WHAT YOU SHOULD DO:
In the listing below, find the line with "Cozy living room" and the line with "MONOLITH ANKLE BOOTS", then return them and every line between them exactly, minus the pictures.

MATERIAL PROVIDED:
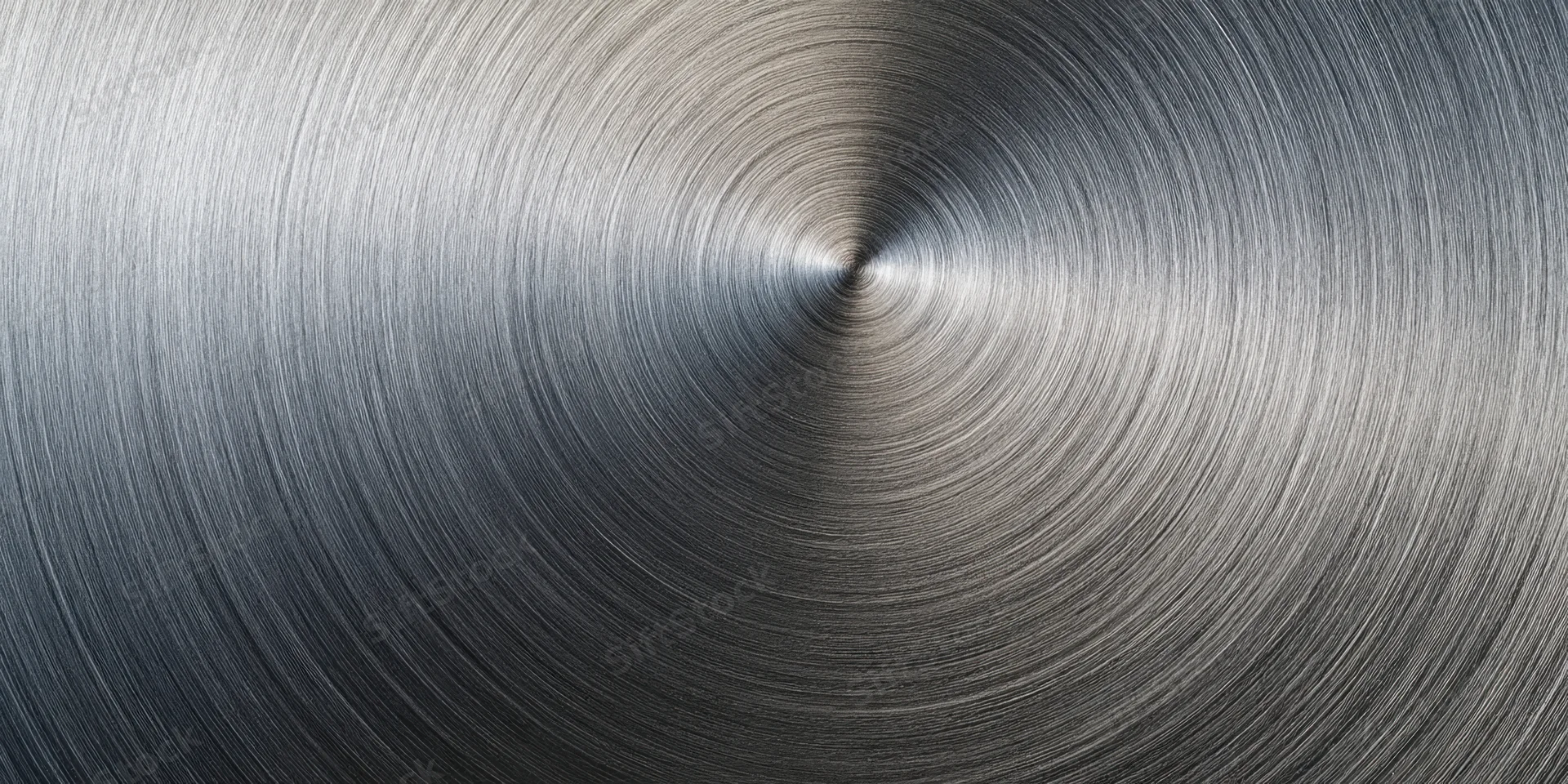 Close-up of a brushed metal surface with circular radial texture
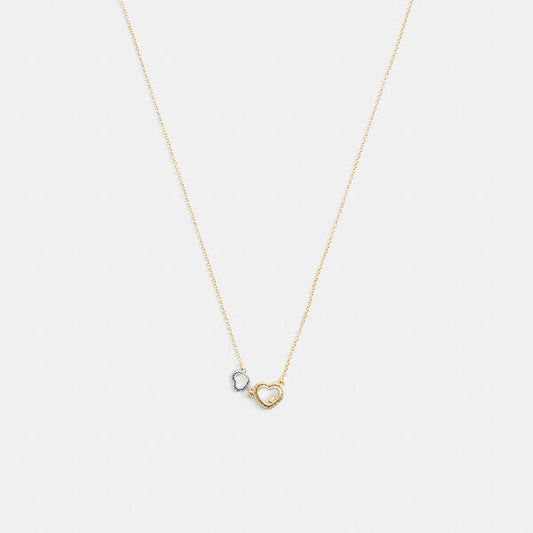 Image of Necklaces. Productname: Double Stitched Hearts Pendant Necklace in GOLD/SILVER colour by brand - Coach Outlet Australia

...

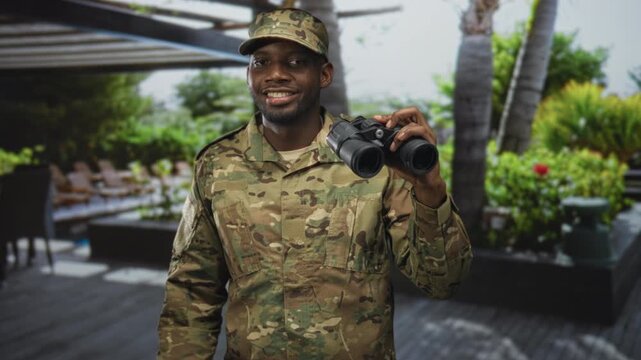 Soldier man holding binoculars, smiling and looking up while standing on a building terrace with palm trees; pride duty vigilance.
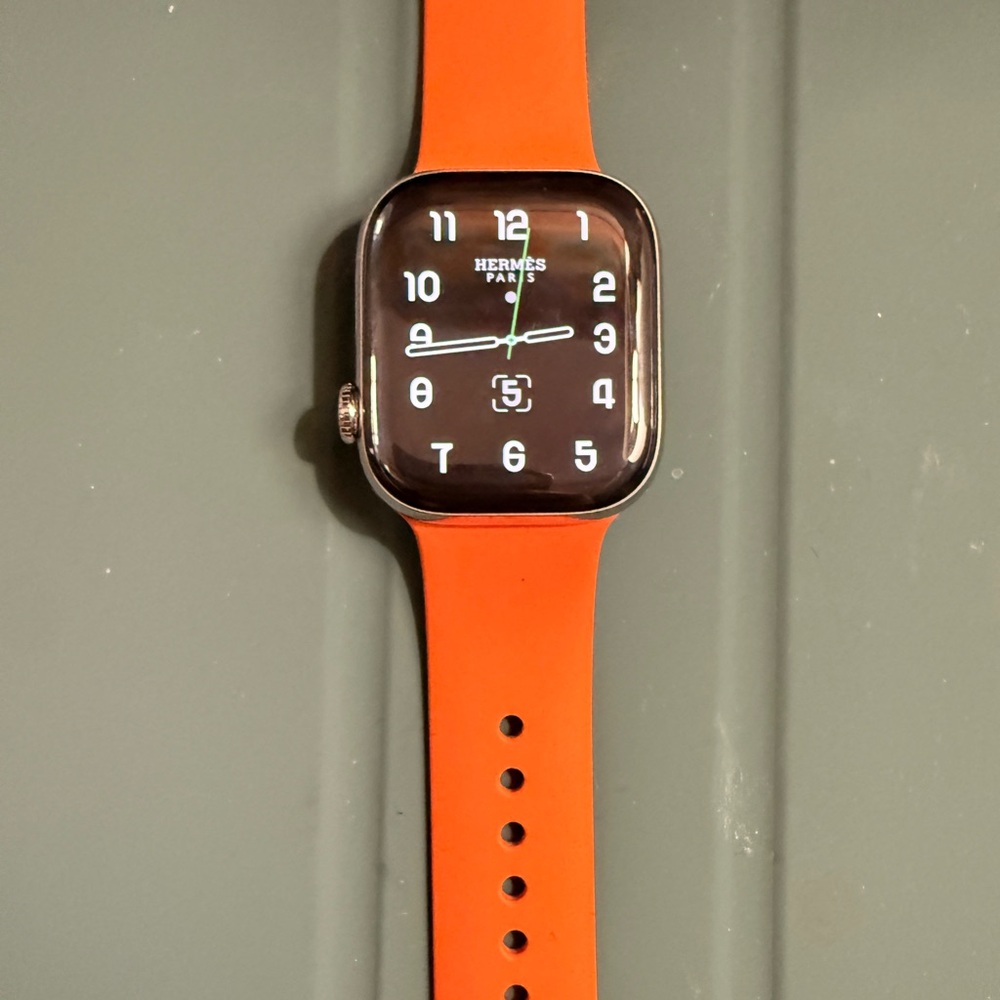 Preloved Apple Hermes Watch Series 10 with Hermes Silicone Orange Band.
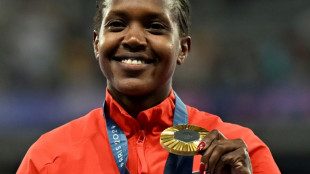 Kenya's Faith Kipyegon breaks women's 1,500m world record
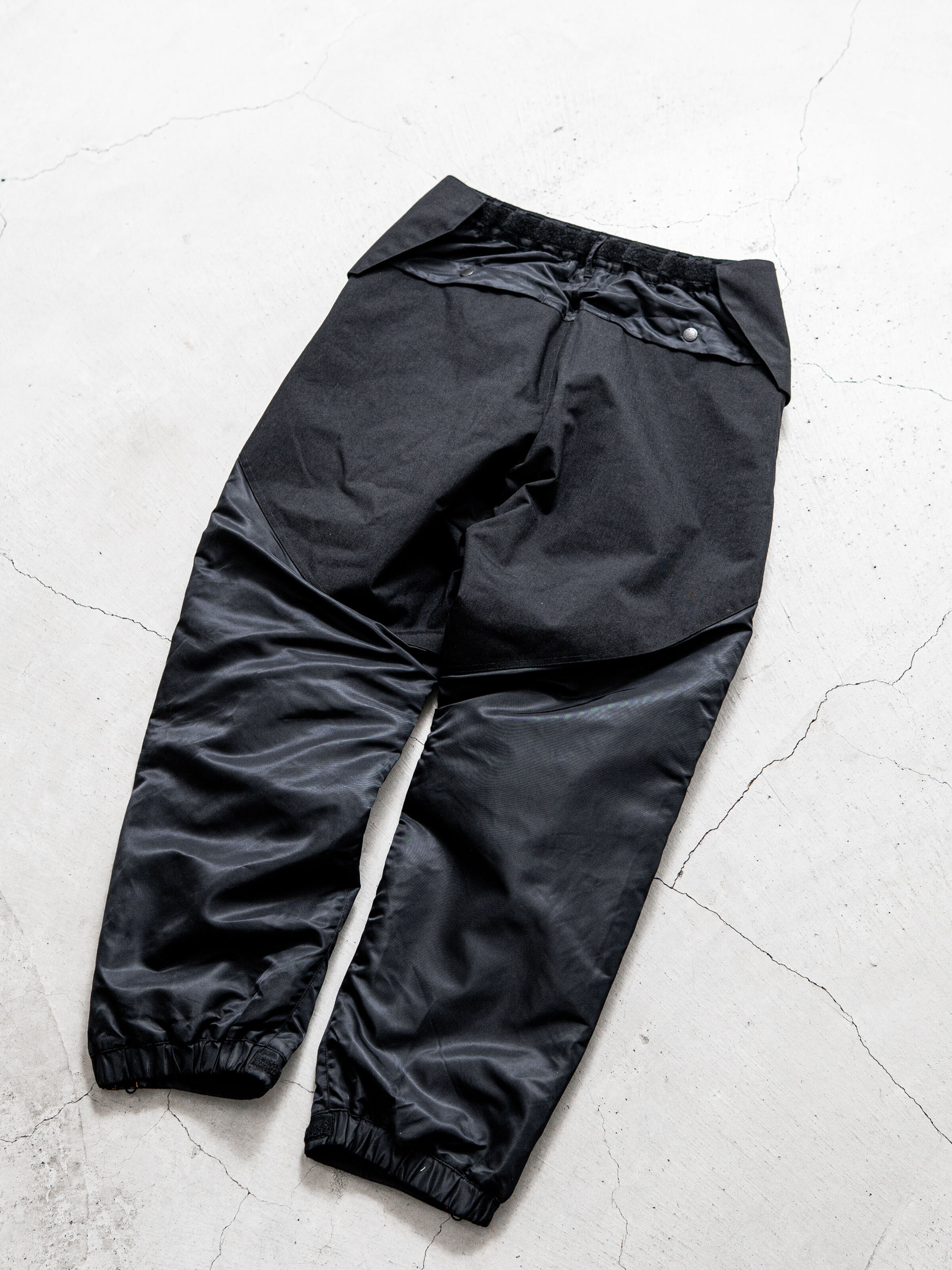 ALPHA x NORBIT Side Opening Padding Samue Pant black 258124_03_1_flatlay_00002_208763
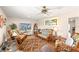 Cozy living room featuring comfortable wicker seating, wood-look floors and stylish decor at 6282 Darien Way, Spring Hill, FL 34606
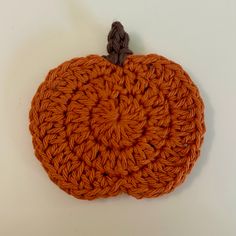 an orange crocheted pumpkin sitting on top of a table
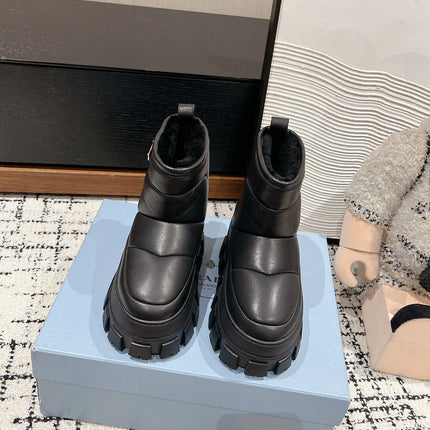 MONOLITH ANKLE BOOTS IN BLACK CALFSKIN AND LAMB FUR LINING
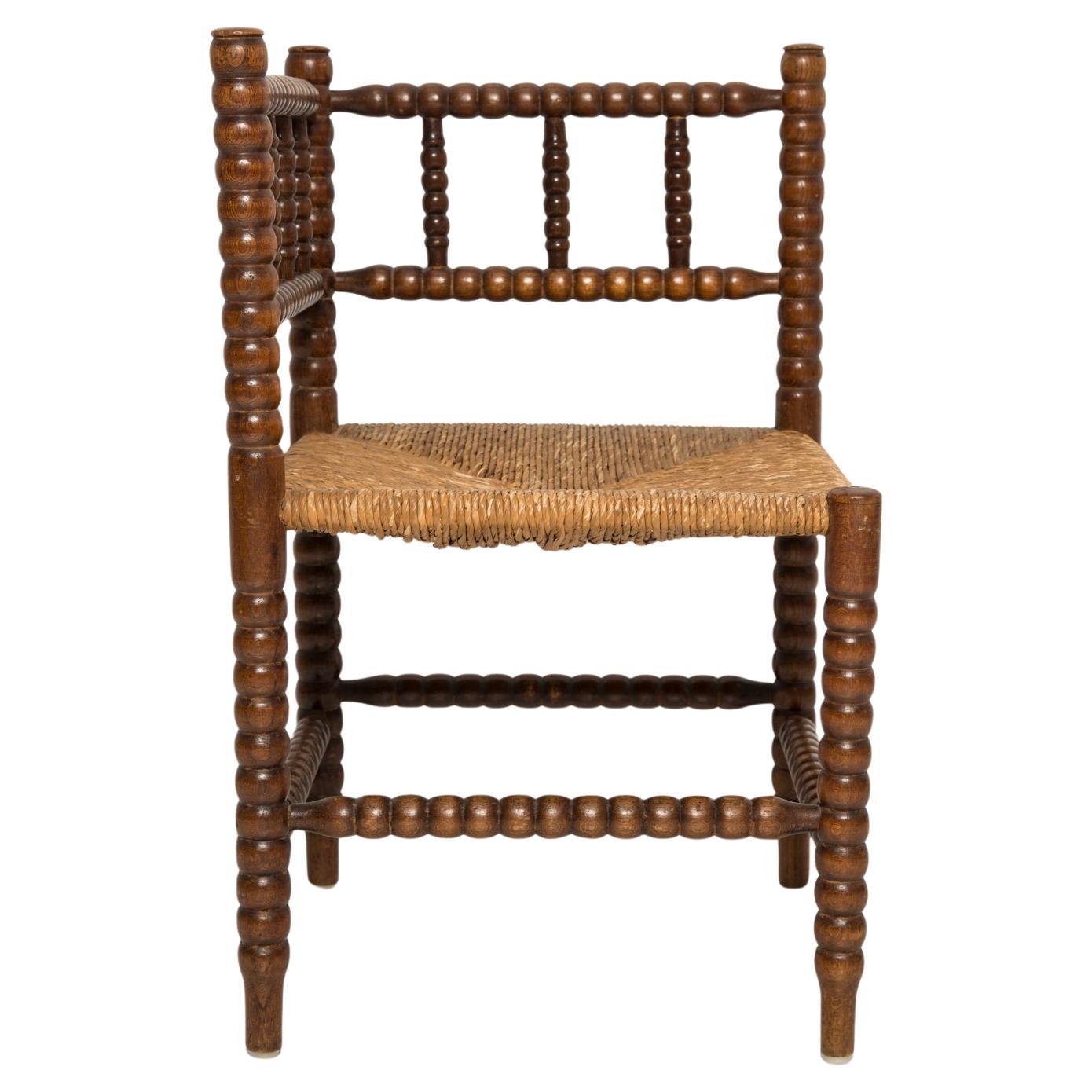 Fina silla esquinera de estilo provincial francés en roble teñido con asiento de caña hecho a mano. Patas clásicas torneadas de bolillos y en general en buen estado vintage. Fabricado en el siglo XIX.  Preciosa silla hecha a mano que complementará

FINISHED TASK:
 Cozy living room featuring comfortable wicker seating, wood-look floors and stylish decor at 6282 Darien Way, Spring Hill, FL 34606
 an orange crocheted pumpkin sitting on top of a table
 MONOLITH ANKLE BOOTS IN BLACK CALFSKIN AND LAMB FUR LINING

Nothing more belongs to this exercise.